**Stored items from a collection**
###

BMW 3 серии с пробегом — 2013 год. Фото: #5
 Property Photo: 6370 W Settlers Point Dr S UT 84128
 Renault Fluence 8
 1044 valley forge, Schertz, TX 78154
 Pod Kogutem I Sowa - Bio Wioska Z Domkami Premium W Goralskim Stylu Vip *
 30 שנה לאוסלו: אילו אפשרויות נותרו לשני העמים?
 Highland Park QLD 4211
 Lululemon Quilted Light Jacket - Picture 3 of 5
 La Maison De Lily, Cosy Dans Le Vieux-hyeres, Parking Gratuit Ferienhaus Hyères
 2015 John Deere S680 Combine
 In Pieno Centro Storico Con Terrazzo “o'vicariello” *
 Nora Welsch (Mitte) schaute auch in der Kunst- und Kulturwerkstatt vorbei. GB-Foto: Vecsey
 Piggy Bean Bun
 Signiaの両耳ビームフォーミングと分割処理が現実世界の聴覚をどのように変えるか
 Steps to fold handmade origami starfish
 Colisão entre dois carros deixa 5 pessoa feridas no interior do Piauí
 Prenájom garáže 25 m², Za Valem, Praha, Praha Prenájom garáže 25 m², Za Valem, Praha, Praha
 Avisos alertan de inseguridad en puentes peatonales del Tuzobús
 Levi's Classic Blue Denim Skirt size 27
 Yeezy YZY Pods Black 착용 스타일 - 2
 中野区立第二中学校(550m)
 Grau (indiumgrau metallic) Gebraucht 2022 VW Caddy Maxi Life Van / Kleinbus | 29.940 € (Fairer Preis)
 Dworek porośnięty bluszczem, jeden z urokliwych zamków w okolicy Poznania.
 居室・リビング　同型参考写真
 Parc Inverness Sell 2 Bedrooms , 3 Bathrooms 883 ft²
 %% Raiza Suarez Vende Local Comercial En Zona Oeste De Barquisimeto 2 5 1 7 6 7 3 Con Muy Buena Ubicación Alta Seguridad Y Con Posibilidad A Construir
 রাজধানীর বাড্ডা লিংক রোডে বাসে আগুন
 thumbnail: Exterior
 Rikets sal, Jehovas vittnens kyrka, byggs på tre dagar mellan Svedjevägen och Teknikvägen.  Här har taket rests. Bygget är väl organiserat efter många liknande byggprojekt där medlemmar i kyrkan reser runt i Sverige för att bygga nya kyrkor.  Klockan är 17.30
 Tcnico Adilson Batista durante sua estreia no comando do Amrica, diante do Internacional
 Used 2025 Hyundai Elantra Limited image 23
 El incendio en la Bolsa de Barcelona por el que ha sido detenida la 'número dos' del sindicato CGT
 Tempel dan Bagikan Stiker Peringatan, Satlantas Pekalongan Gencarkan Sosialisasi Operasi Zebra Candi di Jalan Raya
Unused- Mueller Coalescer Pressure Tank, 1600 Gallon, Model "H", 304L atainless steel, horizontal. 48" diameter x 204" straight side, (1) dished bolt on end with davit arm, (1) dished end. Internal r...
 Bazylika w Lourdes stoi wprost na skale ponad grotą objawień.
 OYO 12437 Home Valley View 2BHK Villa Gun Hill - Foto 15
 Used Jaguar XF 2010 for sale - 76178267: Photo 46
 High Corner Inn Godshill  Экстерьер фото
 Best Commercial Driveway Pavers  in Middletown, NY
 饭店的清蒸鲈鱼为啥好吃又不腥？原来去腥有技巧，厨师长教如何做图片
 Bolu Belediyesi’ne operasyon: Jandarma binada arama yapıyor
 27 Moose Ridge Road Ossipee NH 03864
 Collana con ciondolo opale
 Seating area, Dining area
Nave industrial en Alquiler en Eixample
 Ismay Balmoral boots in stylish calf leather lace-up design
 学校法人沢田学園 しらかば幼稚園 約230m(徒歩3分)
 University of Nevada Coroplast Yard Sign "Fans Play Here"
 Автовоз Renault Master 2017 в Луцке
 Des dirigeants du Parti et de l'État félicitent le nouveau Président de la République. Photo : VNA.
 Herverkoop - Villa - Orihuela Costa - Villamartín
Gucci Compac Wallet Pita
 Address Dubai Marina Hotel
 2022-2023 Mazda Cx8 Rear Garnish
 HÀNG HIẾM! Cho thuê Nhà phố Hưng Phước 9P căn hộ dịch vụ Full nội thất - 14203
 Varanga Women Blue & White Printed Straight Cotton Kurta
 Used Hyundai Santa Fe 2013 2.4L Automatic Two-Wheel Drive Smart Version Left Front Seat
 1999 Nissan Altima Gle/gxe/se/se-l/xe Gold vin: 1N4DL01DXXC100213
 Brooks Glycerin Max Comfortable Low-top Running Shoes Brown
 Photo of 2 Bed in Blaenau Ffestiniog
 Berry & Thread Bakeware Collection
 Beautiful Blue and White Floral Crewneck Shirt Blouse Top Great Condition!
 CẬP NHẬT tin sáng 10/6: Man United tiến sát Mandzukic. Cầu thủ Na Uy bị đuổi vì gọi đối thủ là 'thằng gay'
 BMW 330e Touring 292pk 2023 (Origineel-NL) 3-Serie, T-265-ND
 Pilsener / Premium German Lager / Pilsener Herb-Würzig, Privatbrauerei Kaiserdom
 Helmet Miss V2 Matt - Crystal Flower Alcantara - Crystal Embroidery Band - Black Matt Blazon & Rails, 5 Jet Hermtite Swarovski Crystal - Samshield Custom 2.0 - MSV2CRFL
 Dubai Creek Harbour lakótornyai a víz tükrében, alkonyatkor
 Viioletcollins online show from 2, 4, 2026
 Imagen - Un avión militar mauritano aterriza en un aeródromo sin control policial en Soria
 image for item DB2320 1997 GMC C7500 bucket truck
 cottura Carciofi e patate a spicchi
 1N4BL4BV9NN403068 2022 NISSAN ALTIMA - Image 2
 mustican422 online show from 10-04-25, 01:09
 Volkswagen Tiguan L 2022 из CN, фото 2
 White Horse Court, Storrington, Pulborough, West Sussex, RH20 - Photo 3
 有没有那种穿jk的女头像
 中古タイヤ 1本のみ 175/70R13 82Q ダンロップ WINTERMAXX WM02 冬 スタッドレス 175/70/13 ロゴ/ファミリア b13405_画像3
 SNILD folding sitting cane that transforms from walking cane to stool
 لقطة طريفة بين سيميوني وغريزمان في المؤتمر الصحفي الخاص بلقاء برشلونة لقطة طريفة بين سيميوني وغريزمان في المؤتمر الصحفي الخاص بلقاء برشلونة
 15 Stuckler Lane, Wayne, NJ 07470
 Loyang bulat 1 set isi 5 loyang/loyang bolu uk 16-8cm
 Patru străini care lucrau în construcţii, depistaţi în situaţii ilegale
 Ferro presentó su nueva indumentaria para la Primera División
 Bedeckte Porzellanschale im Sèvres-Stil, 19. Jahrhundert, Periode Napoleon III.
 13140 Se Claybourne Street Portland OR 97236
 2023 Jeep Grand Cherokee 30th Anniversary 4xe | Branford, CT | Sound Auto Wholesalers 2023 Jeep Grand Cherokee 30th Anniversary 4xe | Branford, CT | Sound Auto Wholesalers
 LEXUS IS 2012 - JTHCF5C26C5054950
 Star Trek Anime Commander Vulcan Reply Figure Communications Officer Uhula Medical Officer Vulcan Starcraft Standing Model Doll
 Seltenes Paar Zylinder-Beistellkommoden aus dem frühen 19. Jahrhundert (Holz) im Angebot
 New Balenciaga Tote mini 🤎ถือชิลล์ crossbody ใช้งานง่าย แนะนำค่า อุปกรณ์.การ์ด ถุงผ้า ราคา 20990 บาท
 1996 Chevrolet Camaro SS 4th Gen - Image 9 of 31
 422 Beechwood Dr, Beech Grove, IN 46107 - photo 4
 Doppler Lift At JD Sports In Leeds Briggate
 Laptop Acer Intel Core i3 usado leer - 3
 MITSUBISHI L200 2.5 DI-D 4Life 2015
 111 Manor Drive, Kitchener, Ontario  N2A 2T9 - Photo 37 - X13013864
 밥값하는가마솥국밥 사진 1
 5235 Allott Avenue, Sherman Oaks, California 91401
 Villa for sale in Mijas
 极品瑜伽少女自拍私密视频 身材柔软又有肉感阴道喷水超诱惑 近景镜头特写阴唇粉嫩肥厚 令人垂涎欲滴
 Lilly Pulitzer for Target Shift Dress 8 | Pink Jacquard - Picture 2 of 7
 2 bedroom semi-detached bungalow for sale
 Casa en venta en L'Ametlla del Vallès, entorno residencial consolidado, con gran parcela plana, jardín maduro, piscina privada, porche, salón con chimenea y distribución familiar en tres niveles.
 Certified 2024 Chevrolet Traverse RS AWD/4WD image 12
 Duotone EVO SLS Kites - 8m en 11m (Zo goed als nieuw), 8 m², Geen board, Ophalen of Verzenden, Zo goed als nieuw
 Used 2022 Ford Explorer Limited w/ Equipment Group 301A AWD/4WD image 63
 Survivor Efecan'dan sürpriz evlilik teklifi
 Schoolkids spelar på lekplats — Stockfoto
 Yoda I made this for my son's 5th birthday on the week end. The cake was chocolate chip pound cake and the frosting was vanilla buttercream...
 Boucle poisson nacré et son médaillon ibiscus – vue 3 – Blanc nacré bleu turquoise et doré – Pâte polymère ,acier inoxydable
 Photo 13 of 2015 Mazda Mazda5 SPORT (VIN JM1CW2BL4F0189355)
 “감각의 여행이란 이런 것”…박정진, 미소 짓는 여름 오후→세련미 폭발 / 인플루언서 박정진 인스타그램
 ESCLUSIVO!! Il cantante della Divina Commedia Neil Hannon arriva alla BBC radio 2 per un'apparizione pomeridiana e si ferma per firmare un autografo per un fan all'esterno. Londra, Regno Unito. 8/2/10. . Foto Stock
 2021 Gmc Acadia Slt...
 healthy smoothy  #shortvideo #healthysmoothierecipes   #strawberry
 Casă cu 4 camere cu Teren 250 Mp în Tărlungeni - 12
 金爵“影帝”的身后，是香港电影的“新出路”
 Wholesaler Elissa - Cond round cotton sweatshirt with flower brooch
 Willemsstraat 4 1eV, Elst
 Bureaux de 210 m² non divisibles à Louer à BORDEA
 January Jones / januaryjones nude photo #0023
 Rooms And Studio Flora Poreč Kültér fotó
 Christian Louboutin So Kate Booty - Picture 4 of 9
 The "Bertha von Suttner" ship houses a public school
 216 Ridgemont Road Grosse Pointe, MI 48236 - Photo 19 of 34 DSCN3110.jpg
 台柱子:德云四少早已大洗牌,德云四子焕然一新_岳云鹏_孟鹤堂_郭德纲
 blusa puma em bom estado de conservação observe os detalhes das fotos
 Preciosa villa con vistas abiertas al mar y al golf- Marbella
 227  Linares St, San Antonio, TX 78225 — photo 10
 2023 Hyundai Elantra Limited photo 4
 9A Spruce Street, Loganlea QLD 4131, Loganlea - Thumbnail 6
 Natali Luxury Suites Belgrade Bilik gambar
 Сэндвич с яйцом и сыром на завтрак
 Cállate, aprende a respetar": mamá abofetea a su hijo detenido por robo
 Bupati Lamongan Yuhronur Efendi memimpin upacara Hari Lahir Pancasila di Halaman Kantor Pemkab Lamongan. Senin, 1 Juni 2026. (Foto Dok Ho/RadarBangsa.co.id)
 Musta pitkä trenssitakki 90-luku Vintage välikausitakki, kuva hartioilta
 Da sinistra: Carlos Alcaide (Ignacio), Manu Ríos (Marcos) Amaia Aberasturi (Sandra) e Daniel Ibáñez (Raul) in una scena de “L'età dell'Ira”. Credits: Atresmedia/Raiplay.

###

**Task requirements**
Send back an exact copy of only the lines from the line with "Seltenes Paar Zylinder-Beistellkommoden" up to and including the line with "Laptop Acer Intel Core i3 usado leer - 3" in the data above.

**Completed task**
 Seltenes Paar Zylinder-Beistellkommoden aus dem frühen 19. Jahrhundert (Holz) im Angebot
 New Balenciaga Tote mini 🤎ถือชิลล์ crossbody ใช้งานง่าย แนะนำค่า อุปกรณ์.การ์ด ถุงผ้า ราคา 20990 บาท
 1996 Chevrolet Camaro SS 4th Gen - Image 9 of 31
 422 Beechwood Dr, Beech Grove, IN 46107 - photo 4
 Doppler Lift At JD Sports In Leeds Briggate
 Laptop Acer Intel Core i3 usado leer - 3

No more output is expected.